Being Less Sensitive and More Outspoken
If you’re finding that you’re getting offended more frequently, or that your feelings are getting hurt in deeper ways, it’s a distinct possiblilty that the problem lies with you and not with those offending.
That’s not in any way a criticism. It’s actually good news and a wonderful realization because you have control over your feelings. You can decide to exercise that control at any time. You can decide what is going to trigger, offend or hurt your feelings, and what is not.
Here are a few things that might help you develop a healthy perspective, while gaining mastery of your feelings and being less sensitive.

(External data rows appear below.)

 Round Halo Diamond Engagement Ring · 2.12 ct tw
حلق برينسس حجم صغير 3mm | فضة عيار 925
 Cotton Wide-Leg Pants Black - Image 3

1. There’s an enormous gap between truth and opinion
We may know this logically but it can be challenging to remember or accept when strong emotions or vulnerability allow us to blur the lines. You may find yourself placing too much weight on the opinions of others, whether they may be close to you or even relative strangers.
For instance, your employer may offer a lackluster review based on qualities they value but that does not mean they are in any way representative of you as a person.

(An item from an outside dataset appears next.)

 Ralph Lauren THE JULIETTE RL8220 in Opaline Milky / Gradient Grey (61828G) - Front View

Try to absorb and reframe criticism by considering the source and the purpose behind it. It is entirely up to you to decide if it is constructive and whether it has value or merit to make you a better person.

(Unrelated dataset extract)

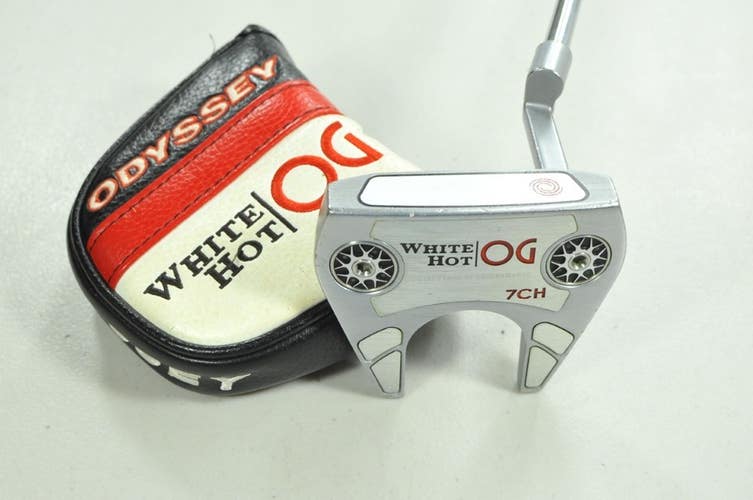 Odyssey White Hot OG 7CH 34" Putter Right Stroke Lab Steel # 204583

2. Emotional control feels good
Remember this if nothing else, being less sensitive is not about being zen or dispassionate or detached.
It is about developing a mindful and strategic approach to placing emotional levees, to controlling or keeping at bay any emotional storm surges. You will soon realize that you absolutely have the final say in how you feel or react in any given situation.
3. Feelings are not facts
This is crucial. You will meet people who confuse the two every day. You may confuse them at times. Just take a breath and draw your conclusions by synthesizing logic with reason.
Your inner feelings and surface emotions are like essential divining rods, leading you to a sought after place, but in order to reach the life giving water you must then dig. Good tools, perspectives and approaches help you dig more efficiently.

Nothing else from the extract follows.